Pictures with short captions:
::::

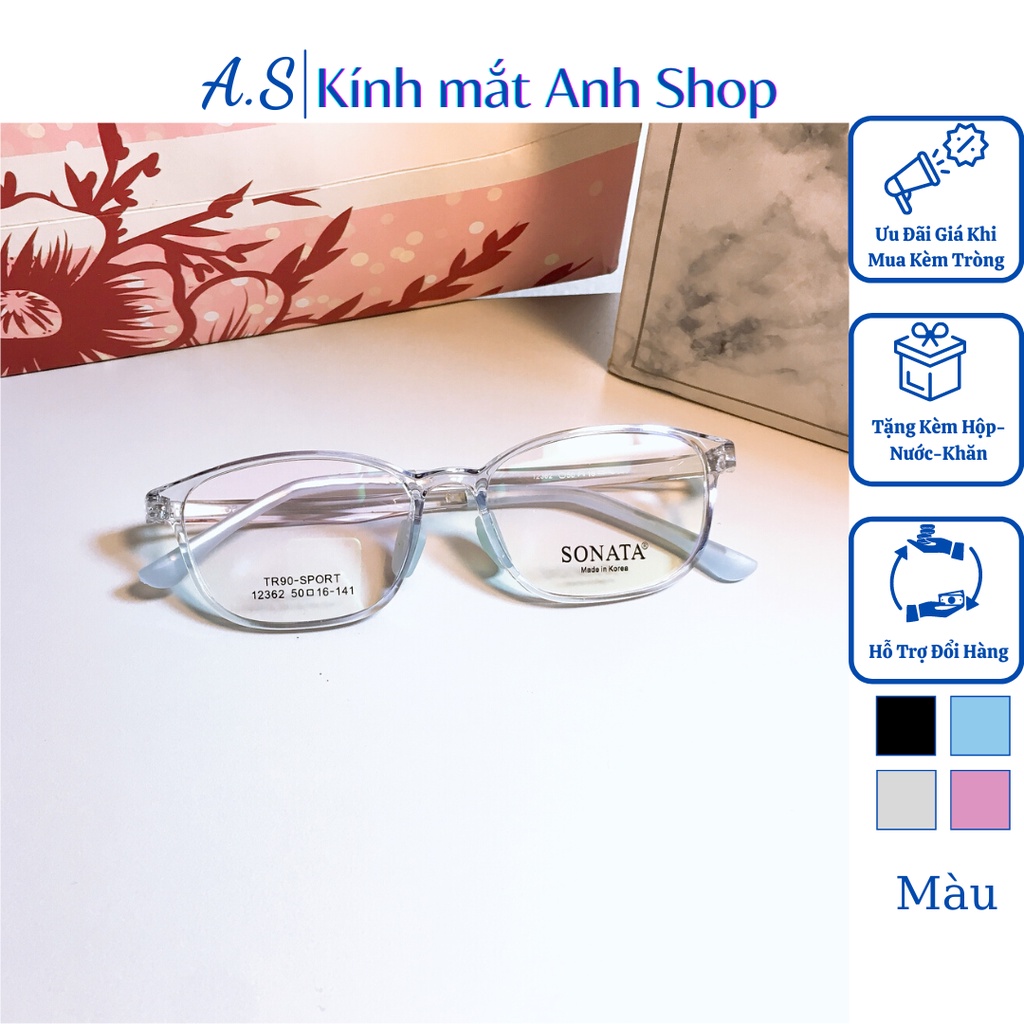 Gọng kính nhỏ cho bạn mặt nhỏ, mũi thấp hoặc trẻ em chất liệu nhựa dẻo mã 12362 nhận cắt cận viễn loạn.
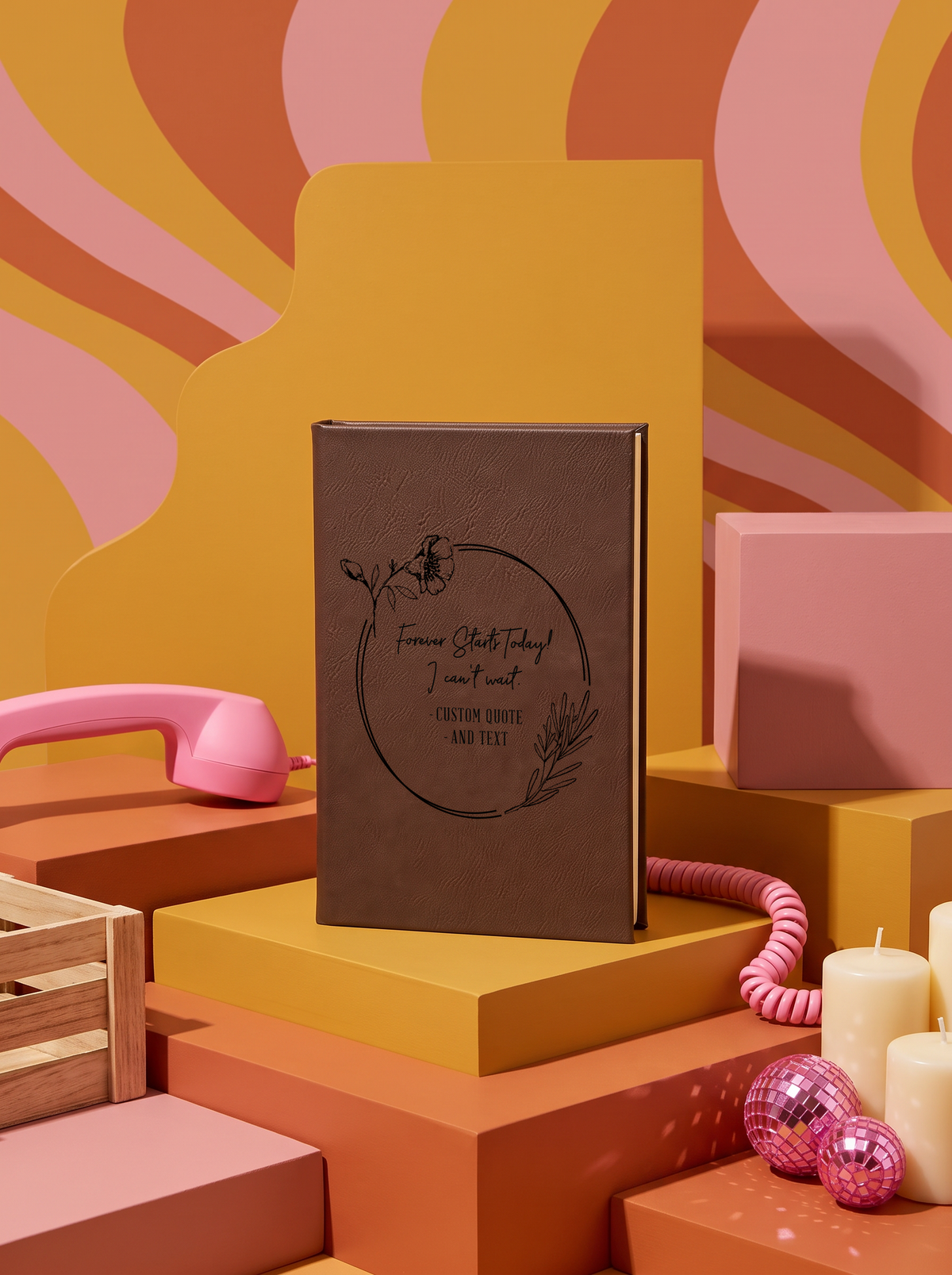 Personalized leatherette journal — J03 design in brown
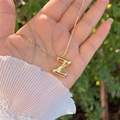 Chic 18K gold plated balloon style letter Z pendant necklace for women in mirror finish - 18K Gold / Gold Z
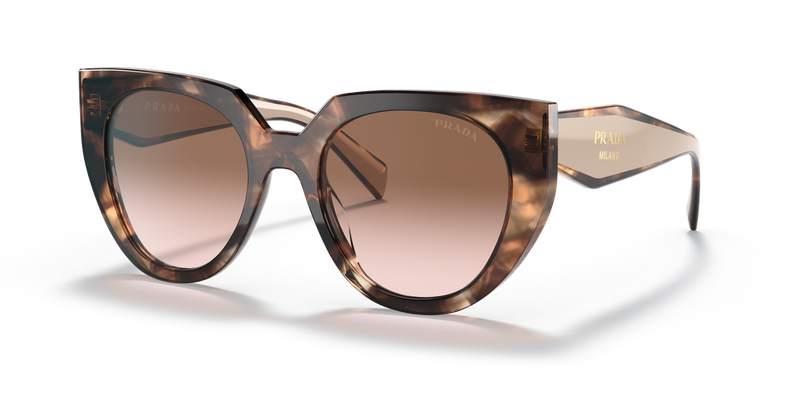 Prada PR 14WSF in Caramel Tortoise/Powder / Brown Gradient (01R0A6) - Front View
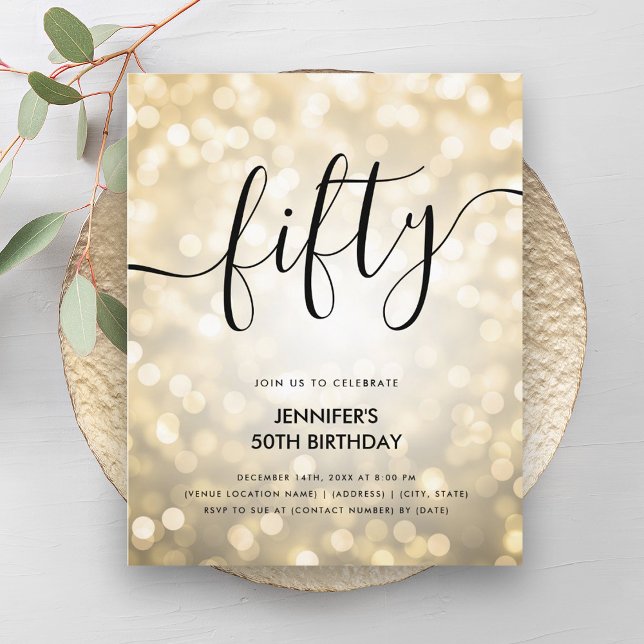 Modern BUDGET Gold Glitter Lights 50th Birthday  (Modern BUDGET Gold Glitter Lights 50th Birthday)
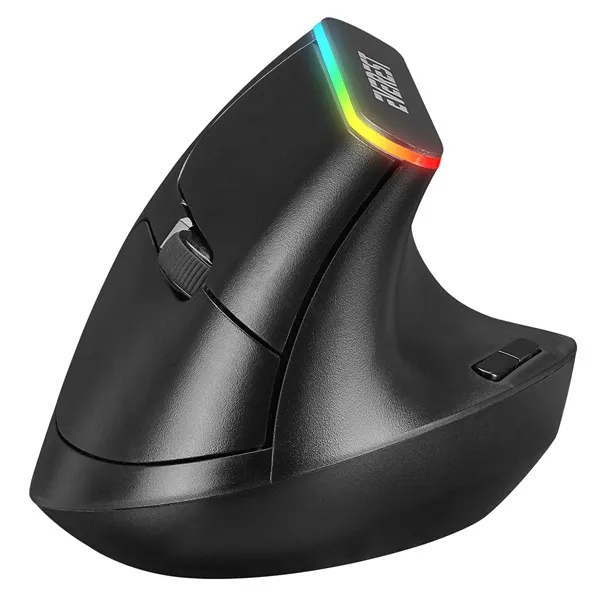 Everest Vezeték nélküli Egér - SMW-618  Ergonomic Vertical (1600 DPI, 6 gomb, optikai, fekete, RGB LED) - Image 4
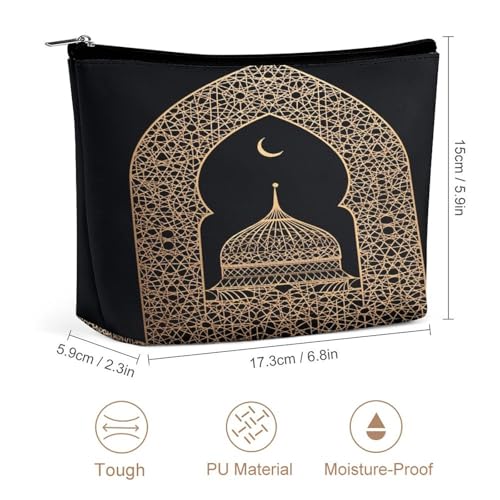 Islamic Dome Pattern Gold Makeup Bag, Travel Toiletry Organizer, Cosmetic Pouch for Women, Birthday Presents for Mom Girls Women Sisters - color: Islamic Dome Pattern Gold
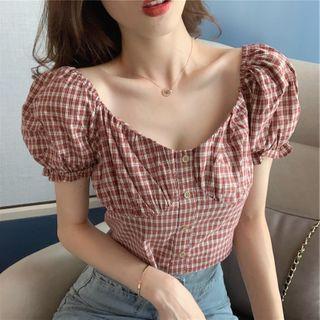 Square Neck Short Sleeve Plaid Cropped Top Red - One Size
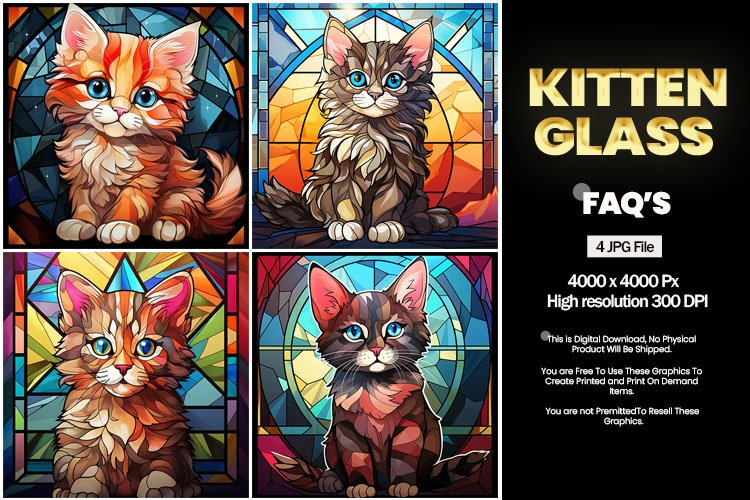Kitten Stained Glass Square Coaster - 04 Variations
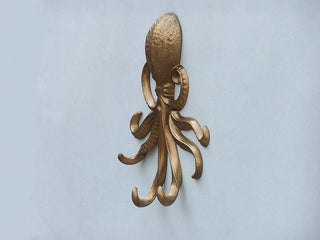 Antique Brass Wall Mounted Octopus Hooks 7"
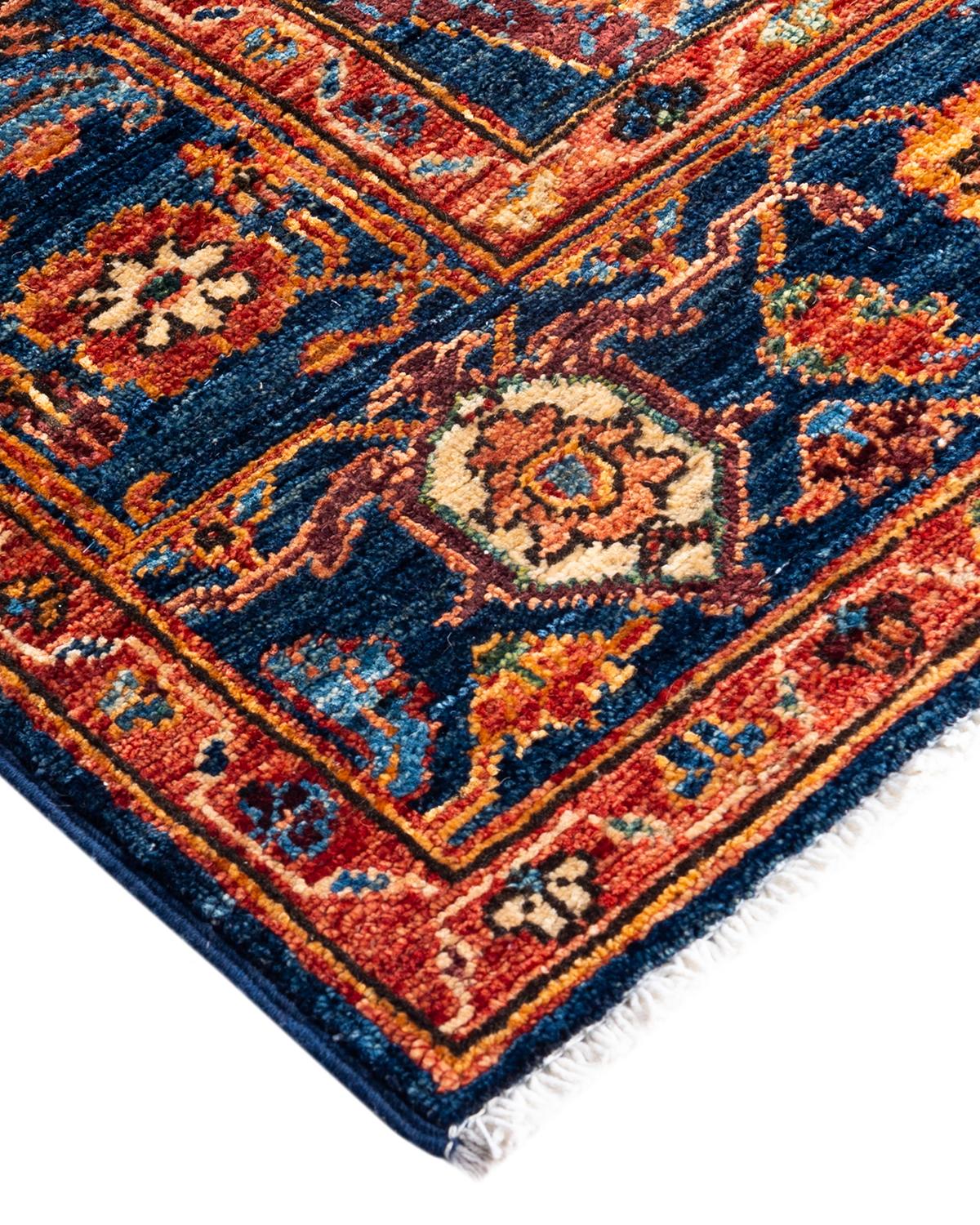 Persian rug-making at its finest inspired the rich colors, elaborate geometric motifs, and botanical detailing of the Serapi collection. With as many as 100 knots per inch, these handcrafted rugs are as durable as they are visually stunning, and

::::

◆ WHAT YOU ARE ASKED TO DO ◆
Without including any picture, print every record exactly as written above.

◆ EXERCISE RESPONSE ◆
 Gọng kính nhỏ cho bạn mặt nhỏ, mũi thấp hoặc trẻ em chất liệu nhựa dẻo mã 12362 nhận cắt cận viễn loạn.
 Personalized leatherette journal — J03 design in brown
 Chic 18K gold plated balloon style letter Z pendant necklace for women in mirror finish - 18K Gold / Gold Z
 Prada PR 14WSF in Caramel Tortoise/Powder / Brown Gradient (01R0A6) - Front View
 Modern BUDGET Gold Glitter Lights 50th Birthday  (Modern BUDGET Gold Glitter Lights 50th Birthday)
 Everest Vezeték nélküli Egér - SMW-618  Ergonomic Vertical (1600 DPI, 6 gomb, optikai, fekete, RGB LED) - Image 4
 Islamic Dome Pattern Gold Makeup Bag, Travel Toiletry Organizer, Cosmetic Pouch for Women, Birthday Presents for Mom Girls Women Sisters - color: Islamic Dome Pattern Gold
 Square Neck Short Sleeve Plaid Cropped Top Red - One Size
Kitten Stained Glass Square Coaster - 04 Variations
 Antique Brass Wall Mounted Octopus Hooks 7"
 Persian rug-making at its finest inspired the rich colors, elaborate geometric motifs, and botanical detailing of the Serapi collection. With as many as 100 knots per inch, these handcrafted rugs are as durable as they are visually stunning, and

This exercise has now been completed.